- [EXERCISE DATA]
Content starts

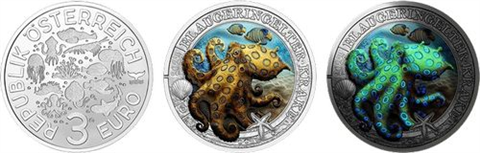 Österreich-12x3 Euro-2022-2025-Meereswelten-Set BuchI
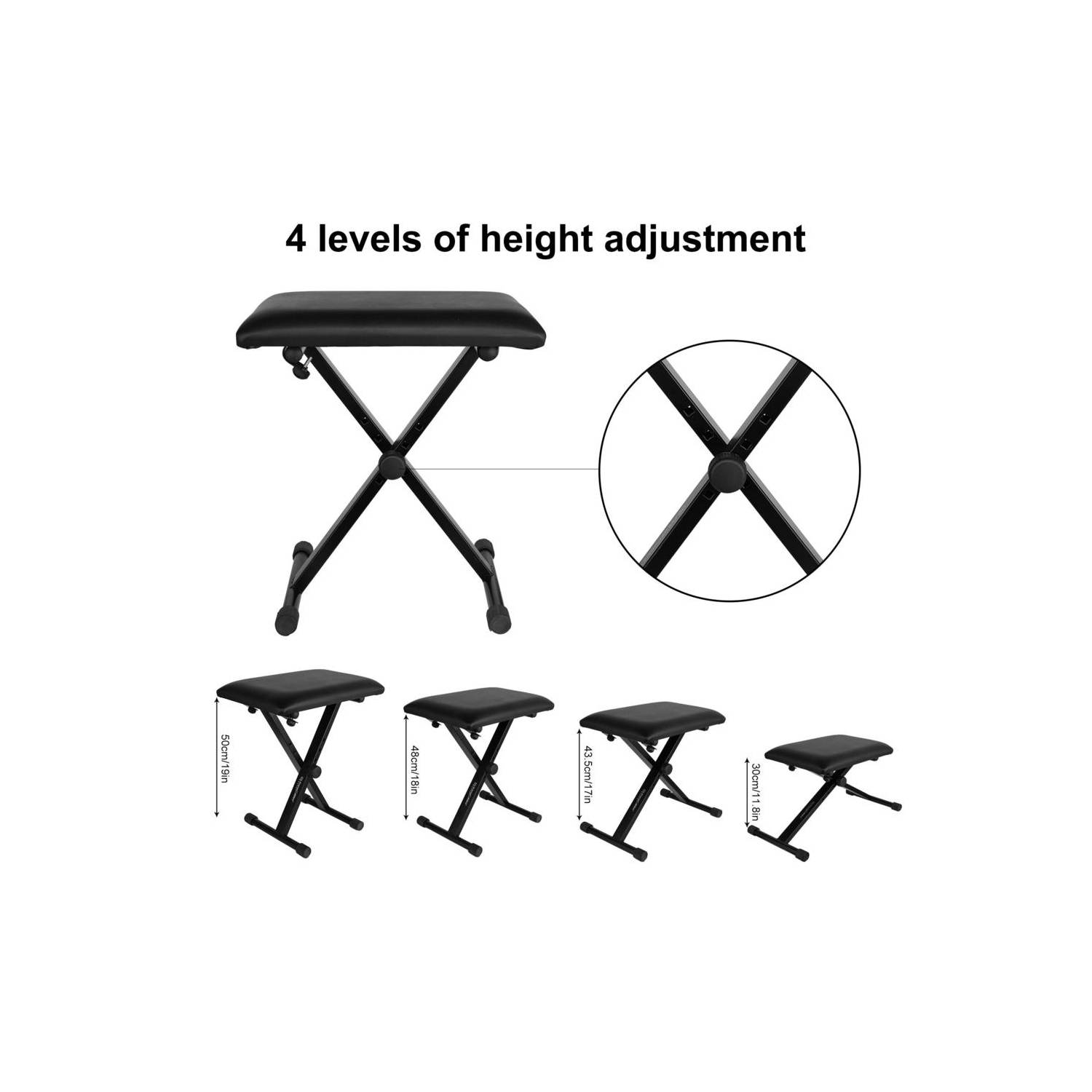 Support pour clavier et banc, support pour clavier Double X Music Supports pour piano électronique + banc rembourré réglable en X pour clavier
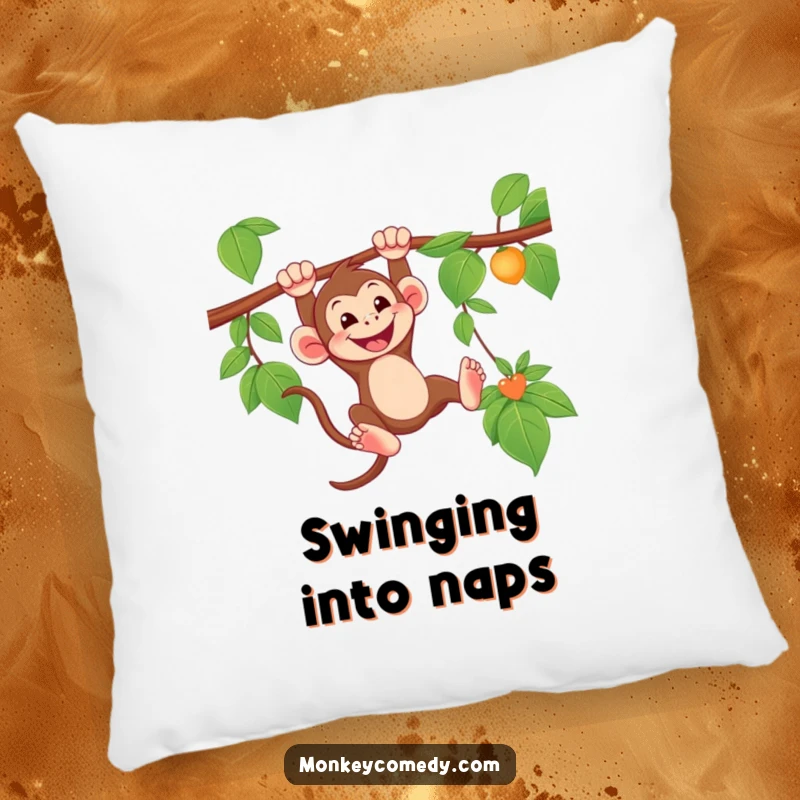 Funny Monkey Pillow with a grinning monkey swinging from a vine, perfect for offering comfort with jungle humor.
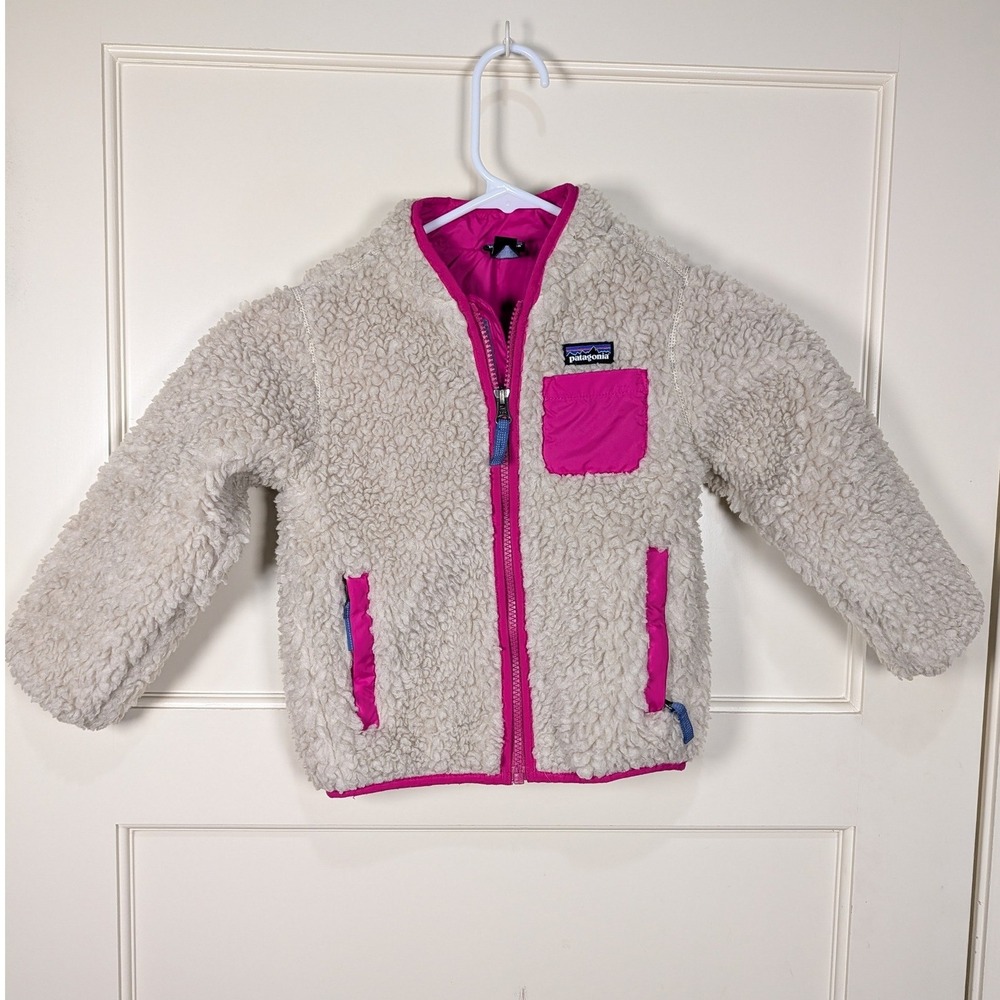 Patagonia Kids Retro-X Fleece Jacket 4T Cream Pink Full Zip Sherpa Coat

Content ends
Content starts

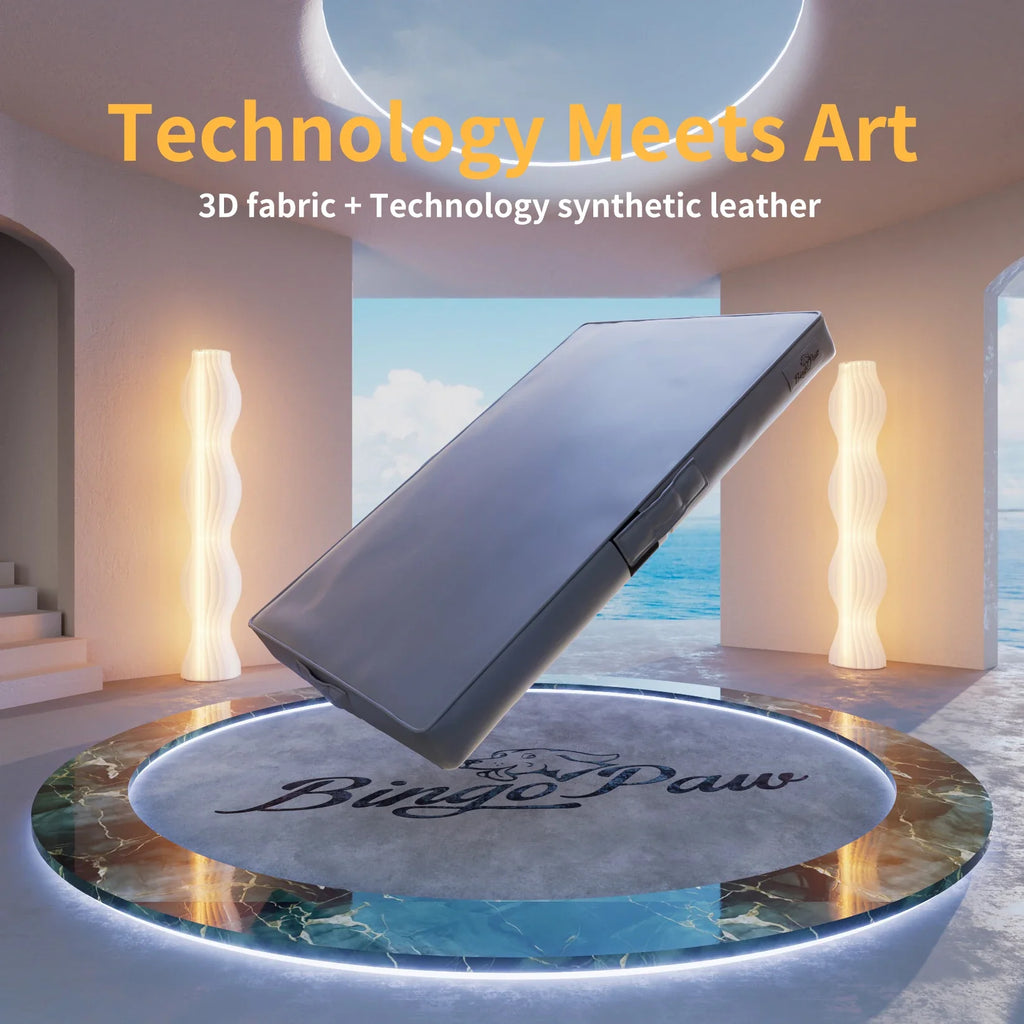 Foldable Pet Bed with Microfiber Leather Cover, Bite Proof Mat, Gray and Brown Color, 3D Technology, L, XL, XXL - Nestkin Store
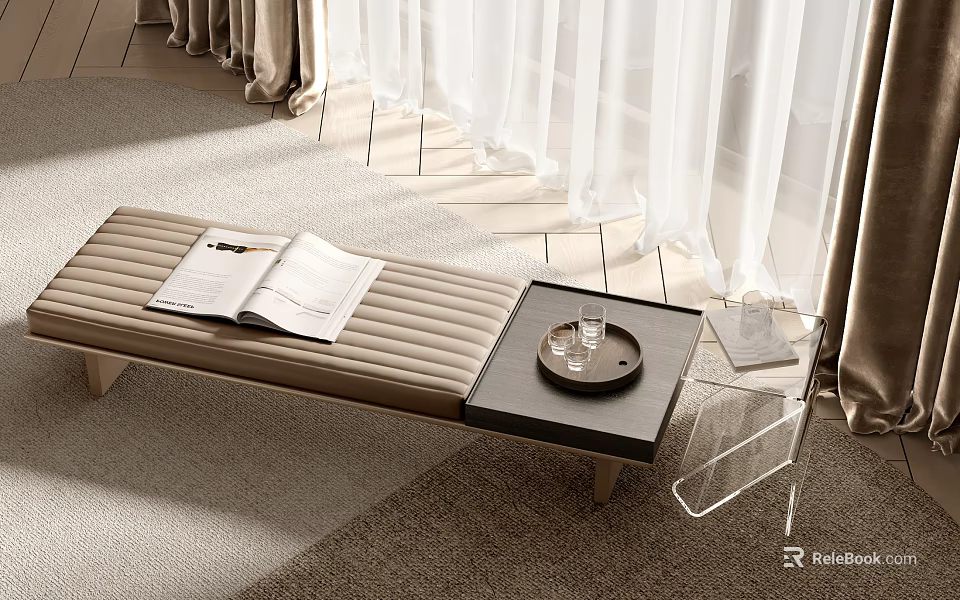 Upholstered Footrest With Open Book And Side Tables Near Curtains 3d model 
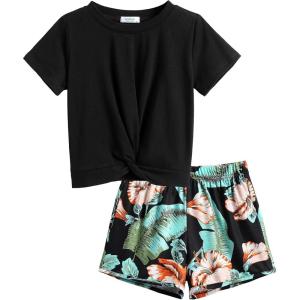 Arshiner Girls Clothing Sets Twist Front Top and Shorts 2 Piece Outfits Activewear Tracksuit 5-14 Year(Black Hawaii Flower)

Content ends
Content starts

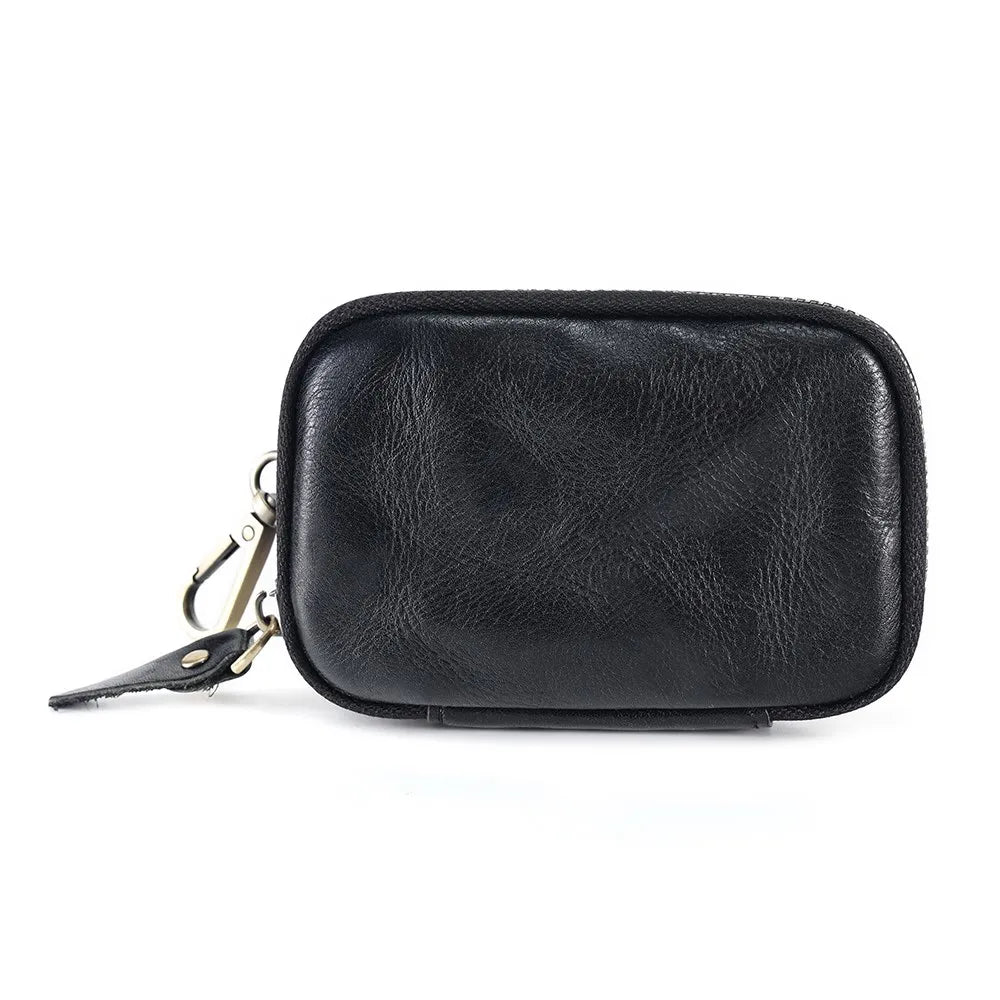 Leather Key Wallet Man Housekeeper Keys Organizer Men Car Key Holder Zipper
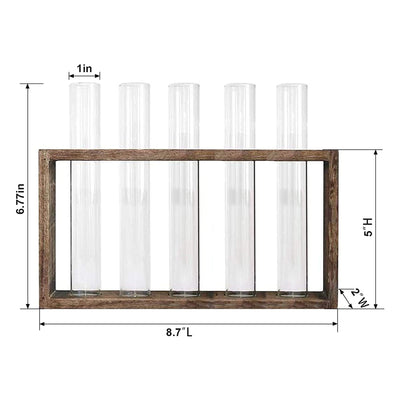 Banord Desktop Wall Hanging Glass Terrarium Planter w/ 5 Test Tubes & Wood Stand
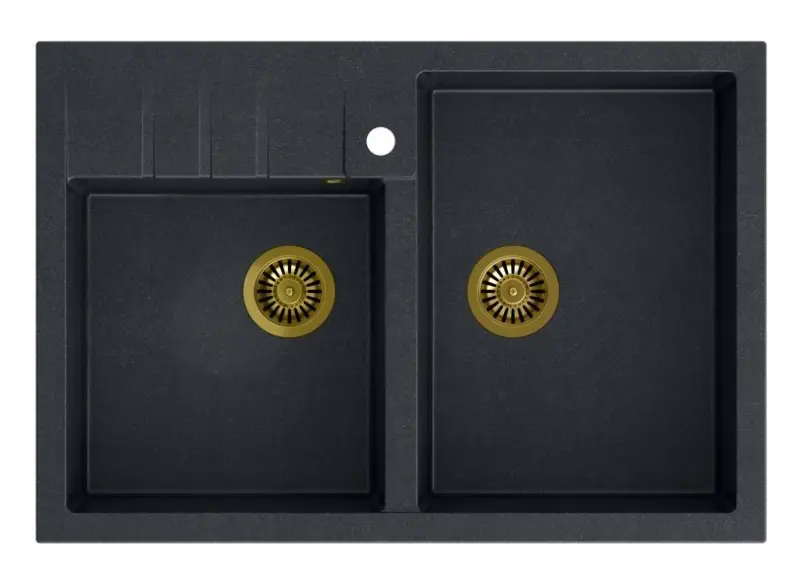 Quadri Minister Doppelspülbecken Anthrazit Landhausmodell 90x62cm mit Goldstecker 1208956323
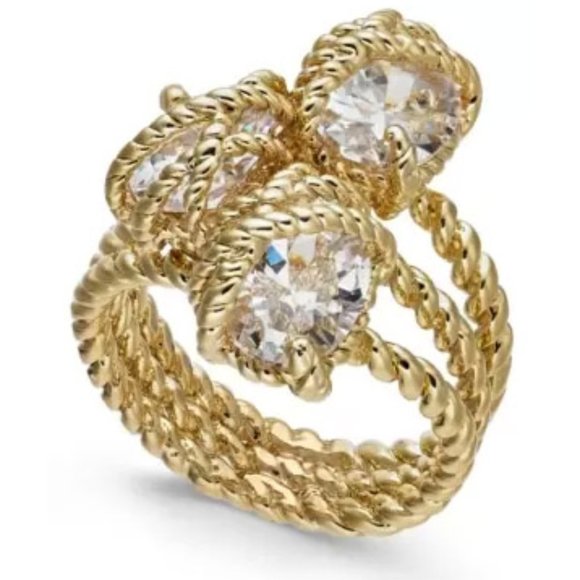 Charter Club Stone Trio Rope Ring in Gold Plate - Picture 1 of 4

Content ends

- [YOUR TASK] Please return the material above only from the line that holds "Österreich-12x3 Euro-2022-2025-Meereswelten-Set BuchI" through the line that holds "Patagonia Kids Retro-X", exactly as it stands, ends included and pictures omitted.

- [PROBLEM SOLUTION]
 Österreich-12x3 Euro-2022-2025-Meereswelten-Set BuchI
 Support pour clavier et banc, support pour clavier Double X Music Supports pour piano électronique + banc rembourré réglable en X pour clavier
 Funny Monkey Pillow with a grinning monkey swinging from a vine, perfect for offering comfort with jungle humor.
 Patagonia Kids Retro-X Fleece Jacket 4T Cream Pink Full Zip Sherpa Coat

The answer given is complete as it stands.